In South Africa, by far the largest market for tourism on the continent, we've mastered the craft of performance. Besides our well-known wildlife safaris, a burgeoning sub-industry for the country is township tourism. This is where tourists are taken on patronising voyages through the ghettos and the shantytowns under the auspices of an authentic South African experience. The mostly Western European and North American tourists relish the opportunity to treat post-apartheid black poverty as an installation artwork. They stroll coldly and unhinged through the daily strife and adversity as if they were browsing through the aisles of a sociological grocery store.

The irony of the touristic quest for authenticity is that it has led to the creation of generic enclaves within our townships, tourist-friendly oases constructed exclusively for the rich white visitor experience and diluted of all the realities of the environment. These are places like Vilakazi Street in Soweto, Mzoli's in Gugulethu and the Maboneng District (albeit located in the inner city). The inhabitants marooned just outside the circumference of these bubbles know that they weren't built for them. They were built for the uninvited guests of their world, the camera-clad spectators of their circumstances.

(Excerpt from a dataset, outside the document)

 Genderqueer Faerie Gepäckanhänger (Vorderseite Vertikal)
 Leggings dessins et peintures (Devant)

When the tourists embark on their chartered journeys, from the industrial banality of their homes toward the evergreen warmth of their postcard-promised lands, they prepare for their roles in the performance by refrigerating the flesh of their sincerity as would an audience about to enter an auditorium. While on holiday, they prefer to be sealed from earnest experiences and interactions through impregnable screens of voyeuristic condescension. They prefer to be enthralled by the hypnotic power of a god watching something incapable of returning its gaze. Instead, each moment is to be soaked in as a souvenir, experienced in order to be captured, documented and pocketed for future testimony.

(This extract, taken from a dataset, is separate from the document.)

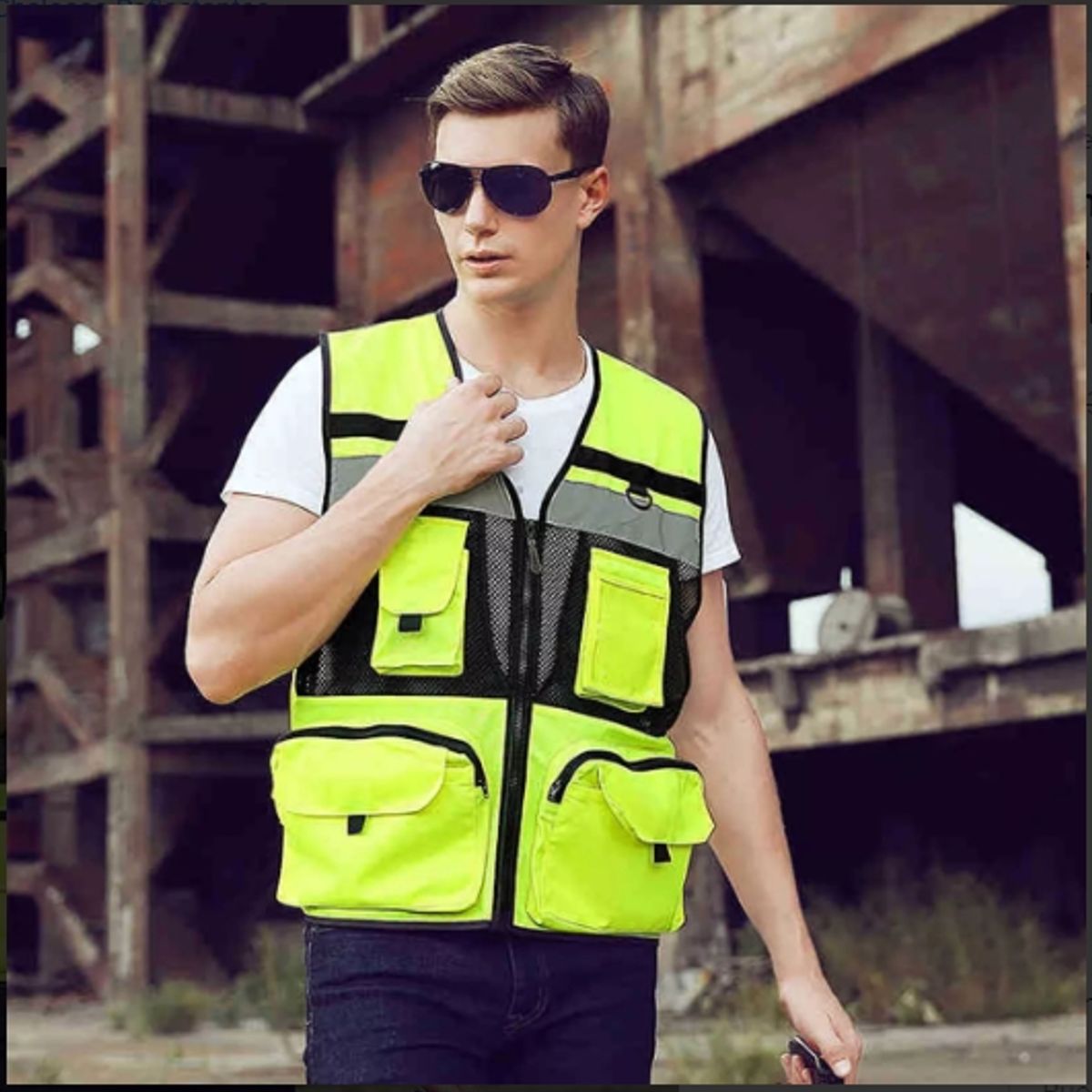 GENERICO - Geologo Minero Chaqueta Reflectante 3M Trabajo Amarillo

As Africans and other surviving continents of the tyranny of imperialism, we must ask ourselves: Are we the ones preserving our history or is our history preserving us?

Much like the hyperbolic mythology of shadows to their objects, the climax of the holiday is, in fact, its aftermath: The carefully curated exhibition of images and anecdotes to the wide-eyed audience of cabin-feverish friends awed by the wild distant worlds of the tourist's voyage. The tourist becomes the living reincarnation of the medieval crusader entertaining the bored leisurely classes with titillating stories of strange savage paradises.

In the end, the tourism experience that was meant to bridge the fissures between distant cultures instead has been commercially anchored in accentuating those differences to market its mirage of the exotic.

As Africans and other surviving continents of the tyranny of imperialism, we must ask ourselves: Are we the ones preserving our history or is our history preserving us? Until we begin to reshape the discourse of how former colonial powers engage with their former colonies, the same colonial stereotypes of saviour/invader versus savage/servant will continue to persevere throughout our progression as a species. It's about time we critically review the performance.